Albemarle Corp, Livent Corp and other producers are scrambling to make more lithium, but some analysts worry the recent price jump will not spur a big enough expansion to meet a planned wave of new EV models by mid-decade.
Since January, General Motors Co, Ford Motor Co LG Energy Solution and SK Innovation Co, along with other automakers and battery parts manufacturers, have said they will spend billions of dollars on EV plants.
U.S. President Joe Biden has proposed spending $174bn to boost EV sales and infrastructure. The European Union has similar plans, part of a rush to catch up with global EV leader China.
Those moves have helped an index of lithium prices jump 59 percent since April 2020, according to data from Benchmark Mineral Intelligence, a commodity pricing provider.
The rising demand “reflects what feels like a real and fundamental turning point in our industry,” said Paul Graves, chief executive of Livent Corp, which supplies Tesla Inc. On Monday, it said it would more than double its annual lithium production to 115,000 tonnes.
Graves warned, though, that “it will be a challenge for the lithium industry to produce sufficient qualified material in the near and medium term.”
Albemarle, the world’s largest lithium producer, aims to double its production capacity to 175,000 tonnes by the end of the year when two construction projects are complete. Albemarle's Q1 profit beat expectations thanks to rising lithium prices. Chile’s SQM, the No. 2 producer, said its goal to expand production of lithium carbonate by 71 percent to 120,000 tonnes should be complete by December.
Australia’s Orocobre is paying $1.4 billion for smaller rival Galaxy Resources, a strategy designed to boost scale and help it grow faster in regions closer to customers.
“The next few years are going to be critical in terms of whether there’s enough available lithium supply, and that’s why you’re starting to see commodity prices start to ramp,” said Chris Berry, an independent lithium industry consultant.
The price gains helped Albemarle and other major producers, including China’s Ganfeng Lithium Co and SQM, post big gains in first-quarter profit and boost forecasts for the year.
Even China’s Tianqi Lithium Corp, saddled with debt due to years of low lithium prices, signaled that recovering demand should help it swing to a profit this year.

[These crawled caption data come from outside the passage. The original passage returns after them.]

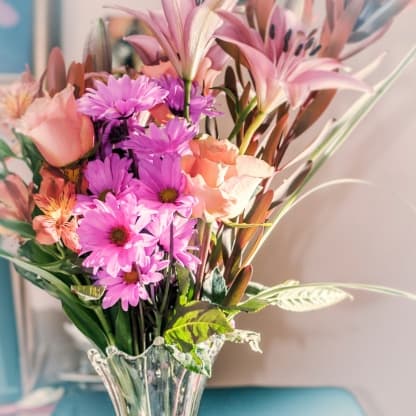 A bouquet of colorful flowers with greenery in a clear vase.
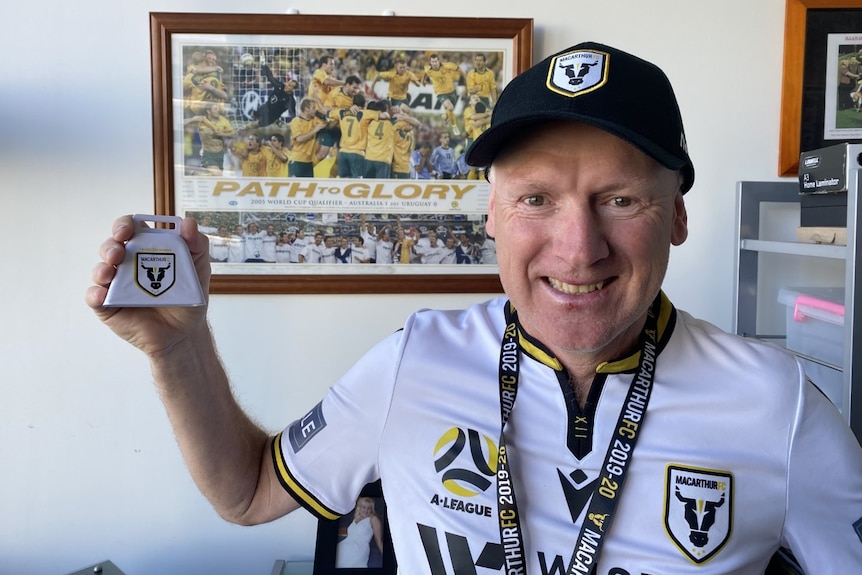 An older man wearing his football team's jersey and hat, smiling.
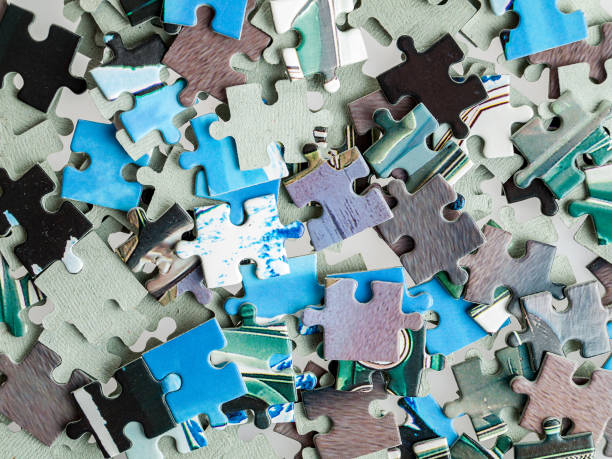 Scattered details of the puzzle mosaic, assembling a picture from puzzles, developing attention stock photo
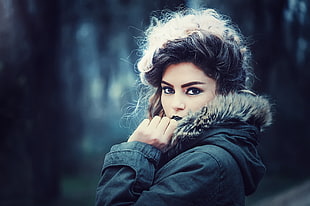 woman wearing black and brown parka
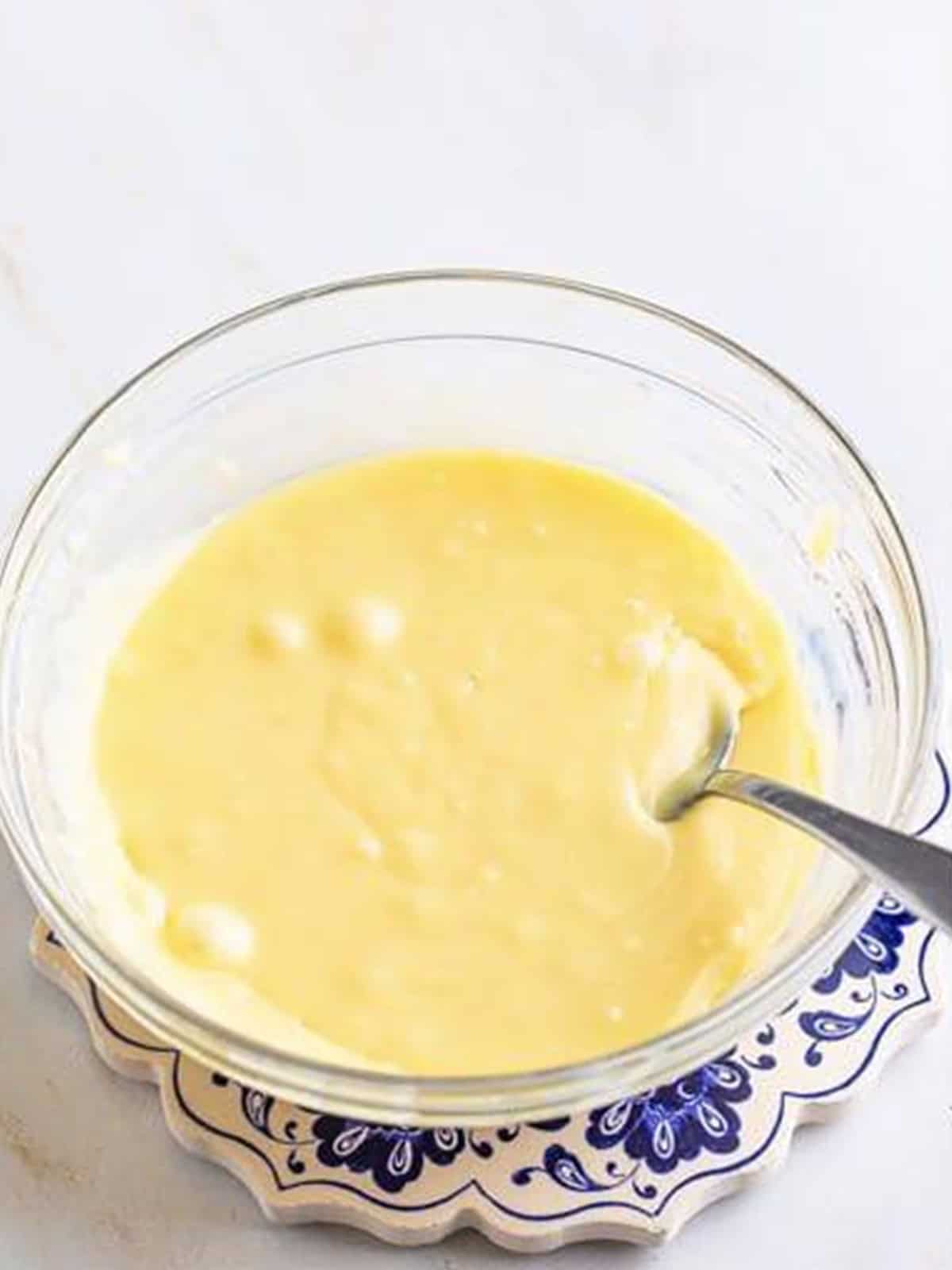 Smooth white chocolate ganache stirred in a bowl for white chocolate truffles.
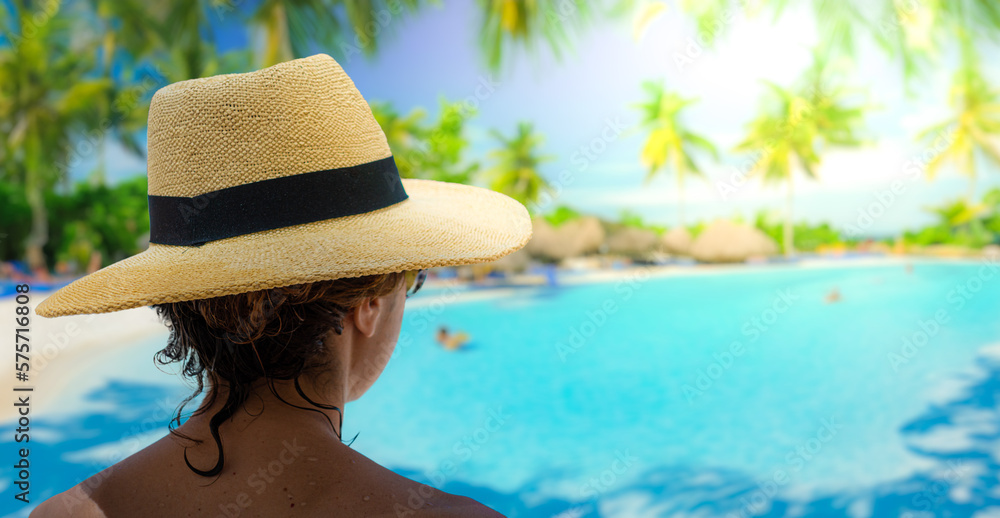 Woman with sunhat looking at the swimming pool in a spa resort.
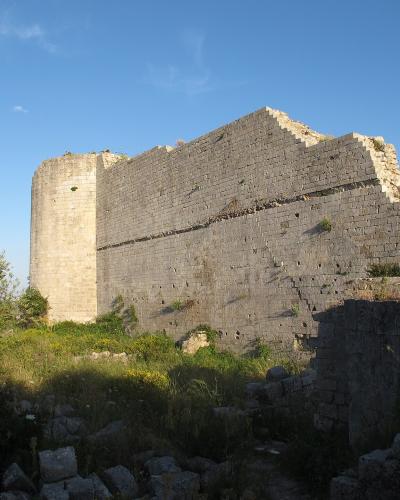 The image shows the stone ruins of a medieval fortress or castle with a cylindrical tower and high walls, set against a blue sky with vegetation in the foreground.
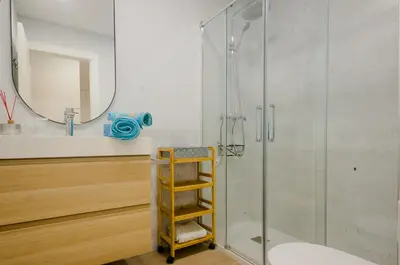 a bathroom with a shower and a glass shower stall at Laja Bermeja, piscina y primera línea de La Barrosa in Chiclana de la Frontera
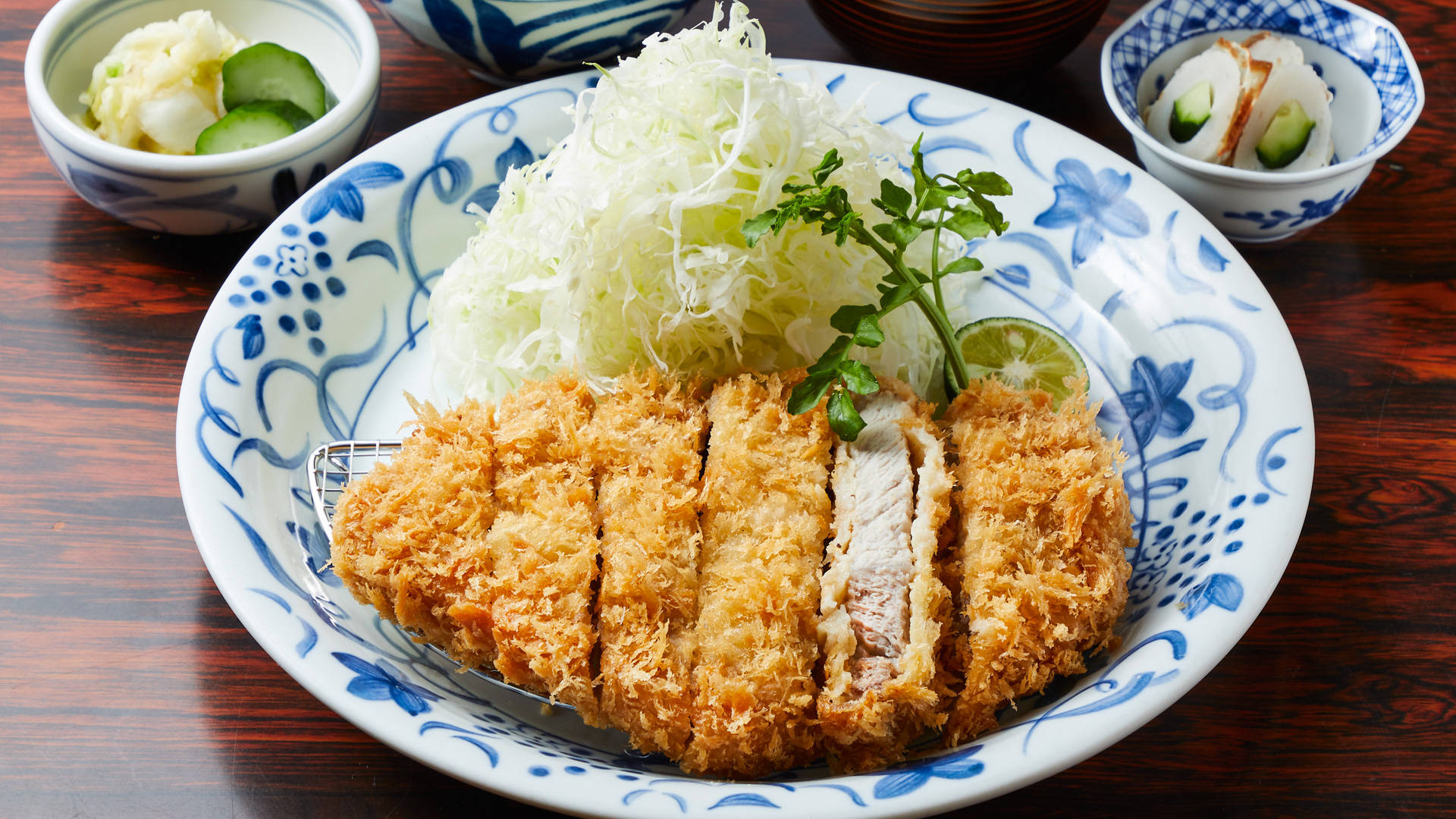 Food Photography 桌布 壁紙 — 金黃色切片炸豬排配高麗菜絲和裝飾，放在藍色花卉盤上。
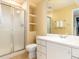 Well-lit bathroom featuring a shower, vanity, and built-in shelving at 2552 E Alameda Ave # 16, Denver, CO 80209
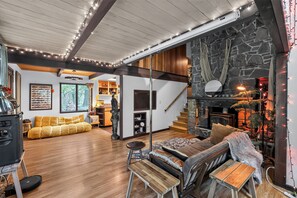 A cozy living room with a stone fireplace, wooden beams, and a staircase leading to another level. - Woodland Home Near The Gorge - Private Deck 1 Bedroom Home (Washougal)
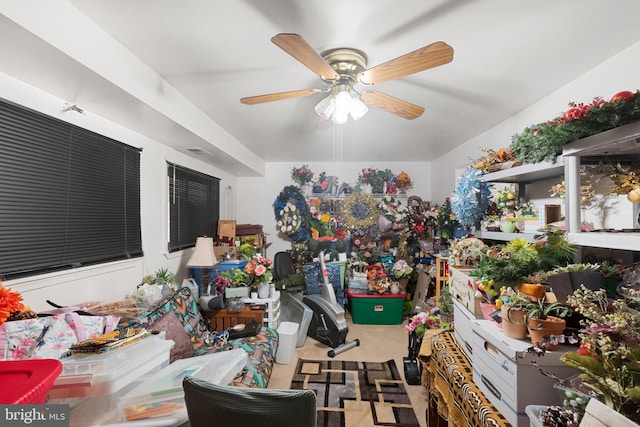 misc room featuring carpet and ceiling fan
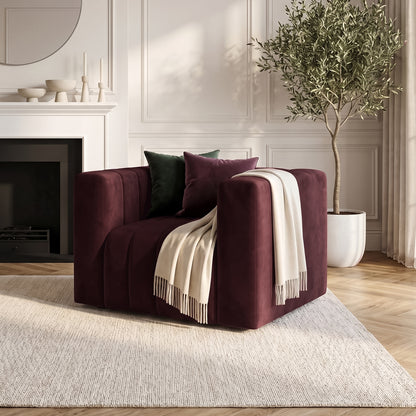 Dark Merlot armchair styled in a living room with pillows and throw blanket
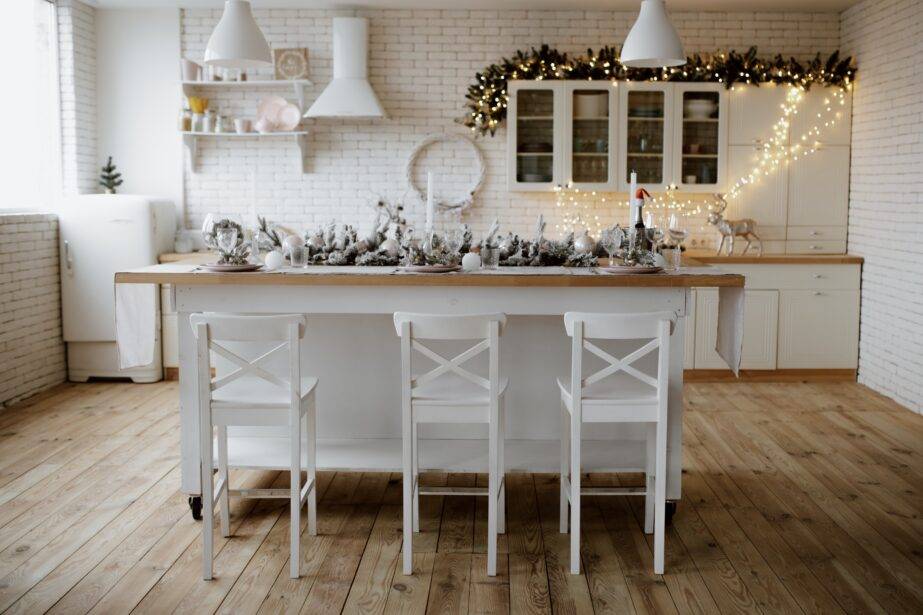 A white kitchen lightly decorated with winter decor.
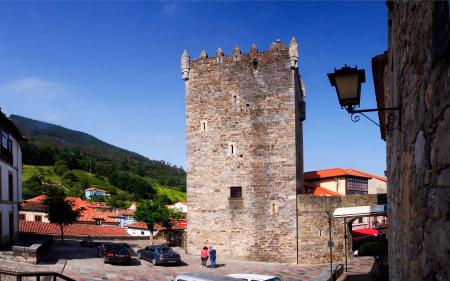 Old stone tower with battlements in a square with cobblestone ground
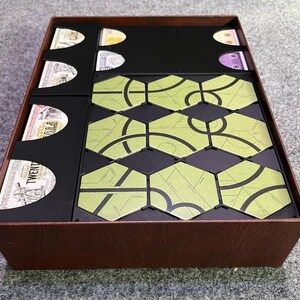 May include: A brown game box with black compartments holding game components. The box contains green hexagonal tiles with black designs and various game cards. The box is designed to organize and store board game pieces.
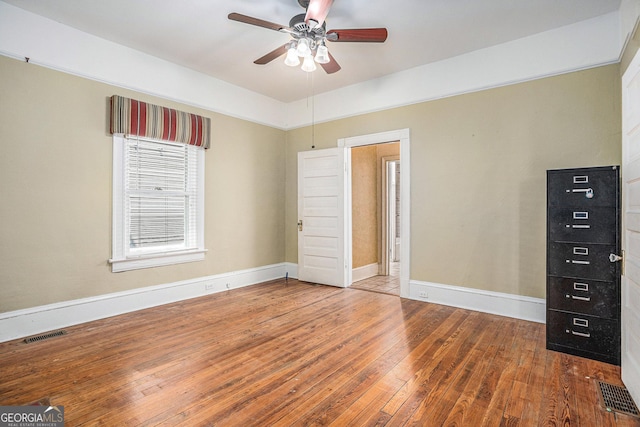 unfurnished bedroom with visible vents, wood-type flooring, baseboards, and ceiling fan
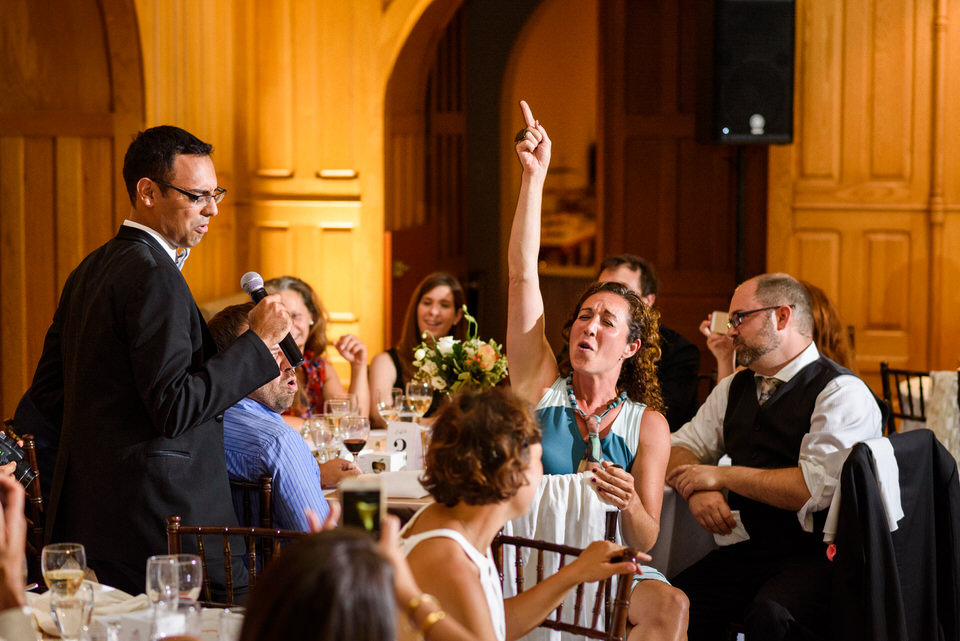 Groom singing karaoke and wedding guest singing along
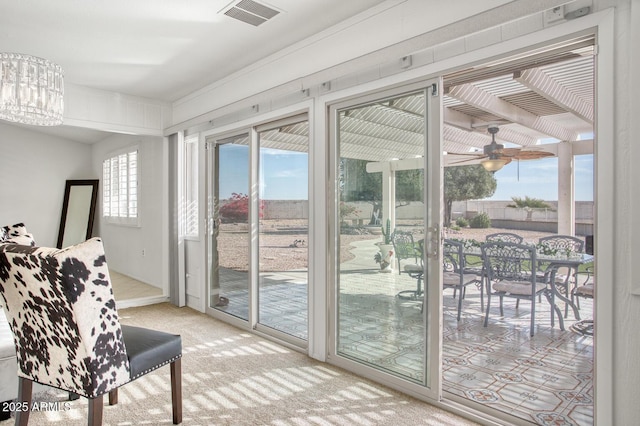 doorway featuring ceiling fan with notable chandelier and light colored carpet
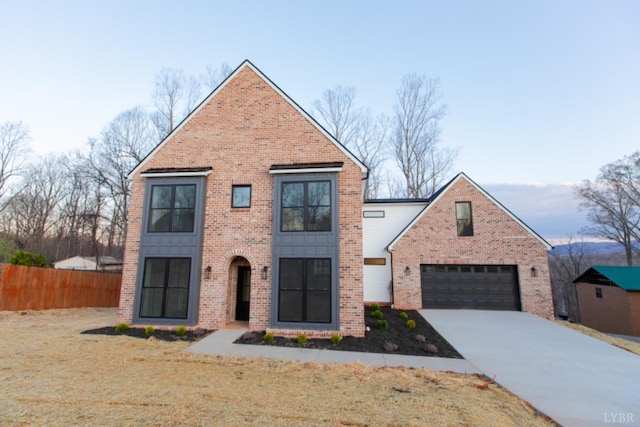271 Riverside Dr, Lynchburg, VA 24503 - view of front of house featuring brick siding, concrete driveway, and a garage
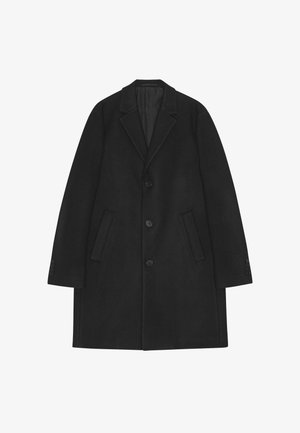 Svart ullrock med en skarpt skuren krage, tre knappar framtill, sidfickor och knappdetaljer på ärmarna.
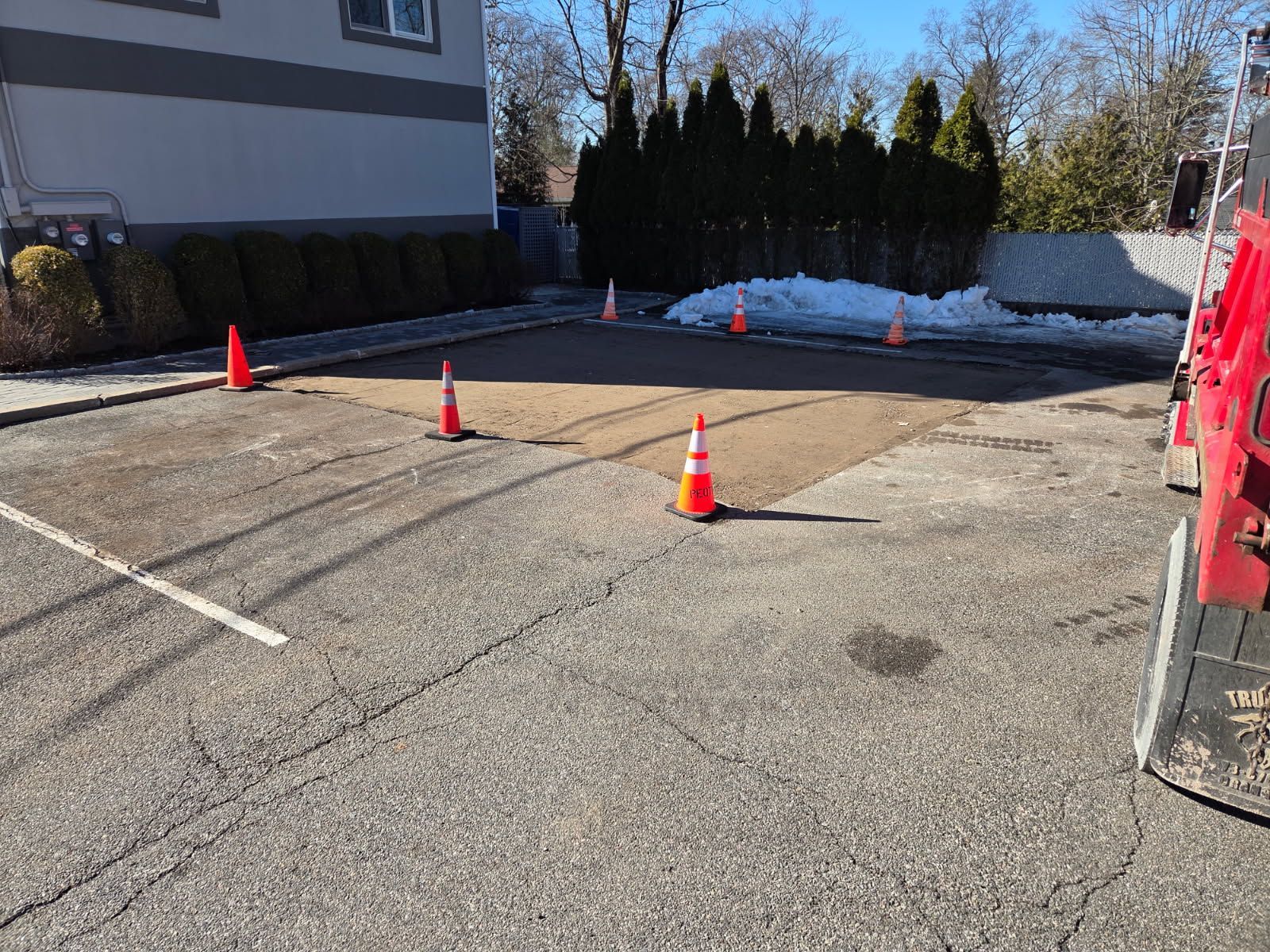 A paved driveway leading to a two-car garage. The garage doors are white, and the driveway is dark asphalt.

Forecasts call for demand for the white metals to surge from about 320,000 tonnes annually last year to more than 1 million tonnes annually by 2025, when many automakers plan to launch new EV fleets, according to Benchmark.
Still, demand is expected to outstrip supply in 2025 by more than 200,000 tonnes, so lithium prices may need to rise to encourage producers to build more mines. That could boost the prices consumers pay for EVs. “Companies across the lithium-ion supply chain are in the best position they’ve been in for the last 5 years,” said Pedro Palandrani of the Global X Lithium & Battery Technology ETF , which has doubled in value in the past year.